Update of ongoing case series of intratympanic gentamicin use in intractable Ménière's disease. Comparison of the treatment results of two gentamicin concentrations: 30 mg/ml and 40 mg/ml. Retrospective case-matched review of an ongoing protocol. Ambulatory visits in an office setting. Eighty-seven patients were included in this study according to the 1995 guidelines of the American Academy of Otolaryngology-Head and Neck Surgery (AAO-HNS) for reporting treatment results of Ménière's disease. Intratympanic injection of a buffered gentamicin solution (30 mg/ml) was used in 44 patients (Group 1) in years 1992 to 1995. Stock gentamicin solution (40 mg/ml) was used in 43 patients (Group 2) in years 1996 to 1999. Treatment was titrated for each patient, and the hearing was strictly monitored.
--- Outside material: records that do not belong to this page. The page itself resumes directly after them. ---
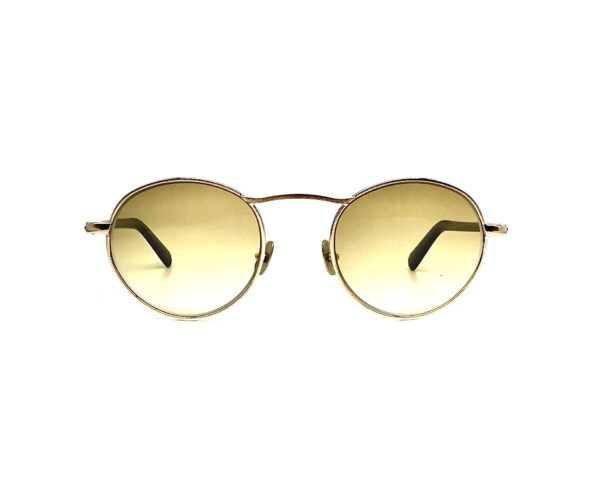 Moscot Sun Kanaka gold/darkgreen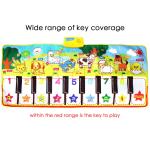 Musical Baby Mat: 7 Styles, Large Piano Toy for Infants and Kids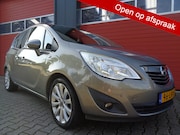 Opel Meriva - 1.4 Turbo Cosmo 120Pk Clima Cruise LMV Trekhaak NL-Auto Hoge
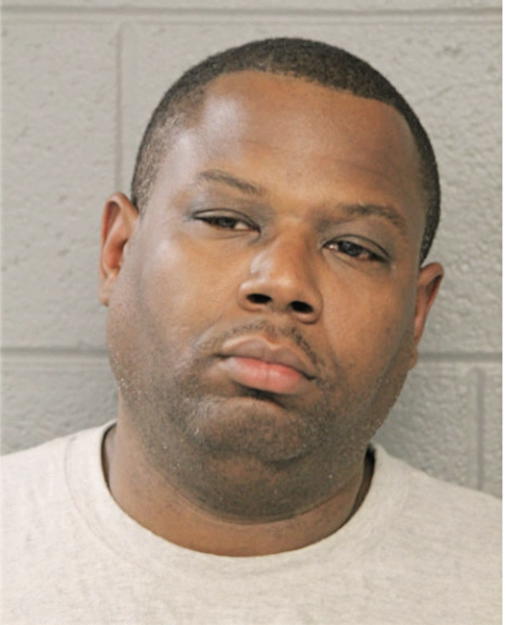 DERRICK A WILLIAMS, Cook County, Illinois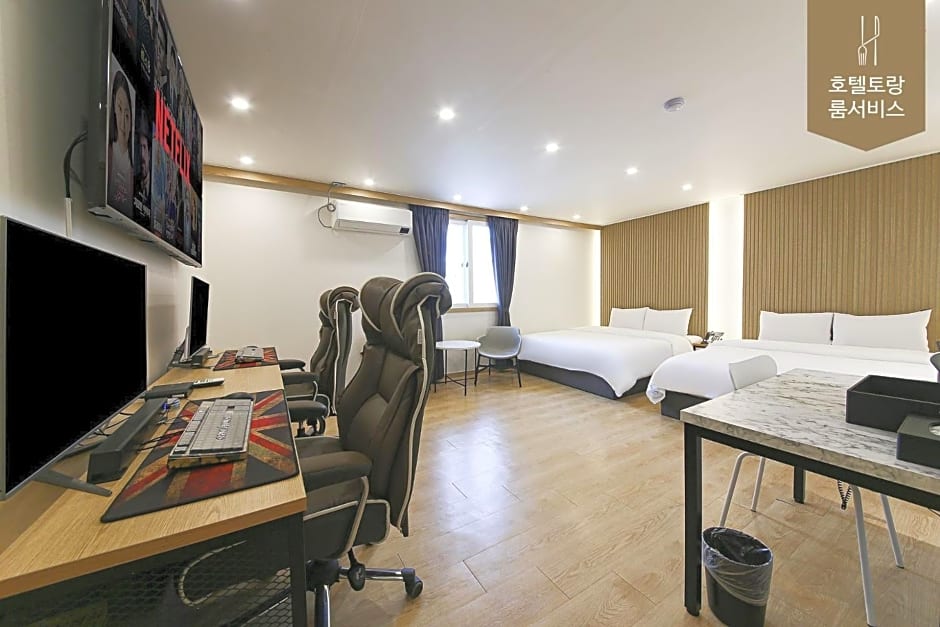 Hotel Torang Jeonju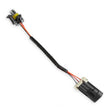 Load image into Gallery viewer, Holley EFI Delphi M/P 150 to GT MAP Adapter Harness 558-467 - Side View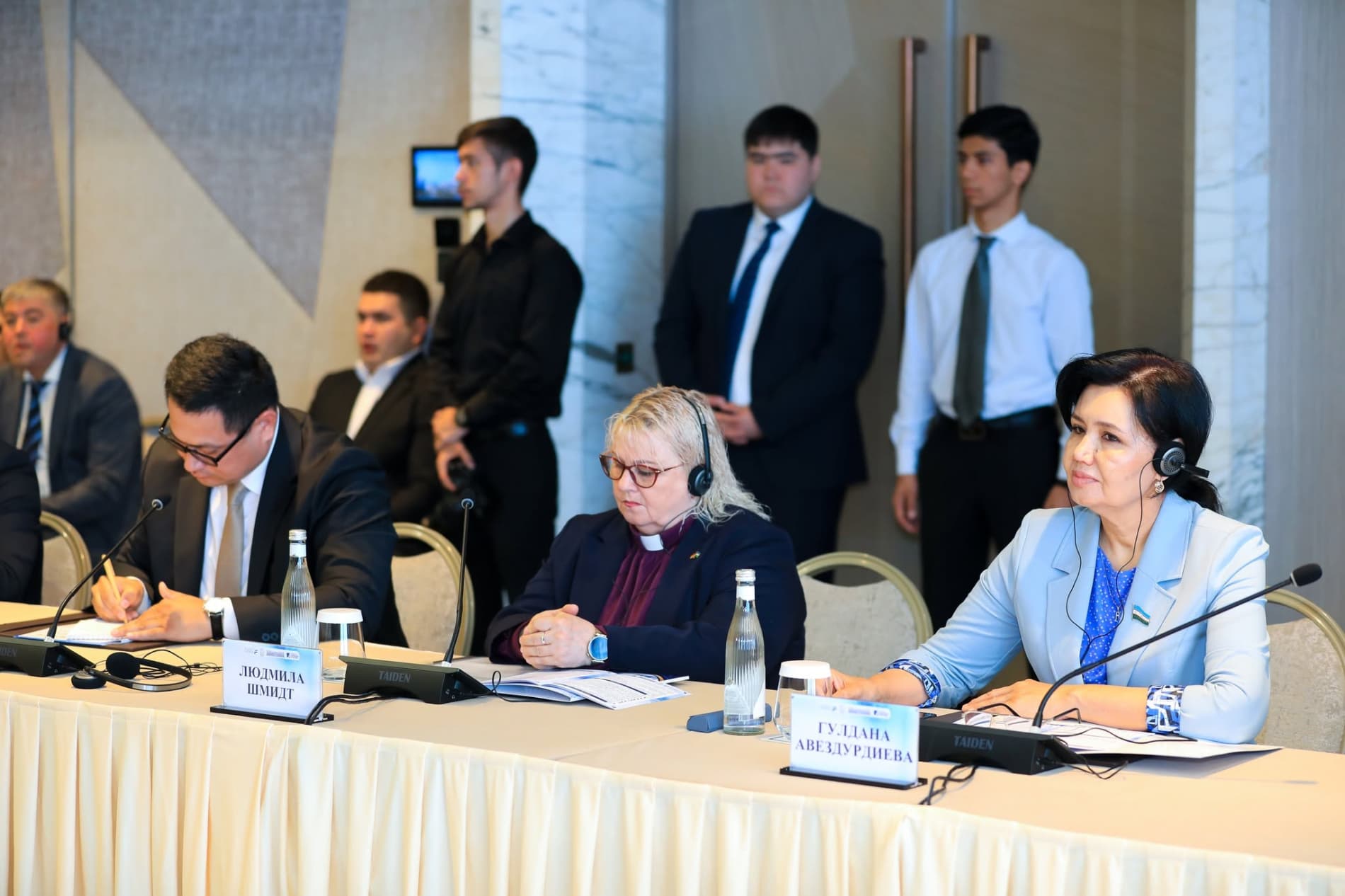 “Raqamli dunyoda diniy bag'rikenglik va millatlararo totuvlik barqarorligining dolzarb masalalari” mavzusida ilmiy-amaliy konferensiya bo‘lib o‘tdi.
The endpoint of treatment was the complete cessation of vertigo spells. Hearing results, vertigo control scores, and ice water caloric testing responses were analyzed after 24 months of follow-up. Thirty-two patients from each group were selected for case-matched statistical analysis. Four or fewer gentamicin injections were used in 70% of Group 1 patients and 96% of Group 2 patients. In Group 1, vertigo control was achieved in 81% of patients, and the hearing remained the same or was improved in 68% of patients. In Group 2, vertigo control was achieved in 72% of patients, and the hearing remained the same or was improved in 81% of patients. Treatment was aborted in four patients of Group 2 for early reversible hearing loss, and 31 of 39 patients (79%) who completed the protocol experienced lasting vertigo control. There was a trend for longer-lasting vertigo control in the Group 2 patients. It was concluded that increasing the gentamicin concentration to 40 mg/ml probably produces similar rates of vertigo control as those of the lower dose, at least initially, but requires fewer injections. The higher dose did not increase the risk of hearing loss if treatment was stopped at the first indication of injury. A larger study is needed to confirm the trend of improved long-term hearing results in patients treated with the 40 mg/ml solution.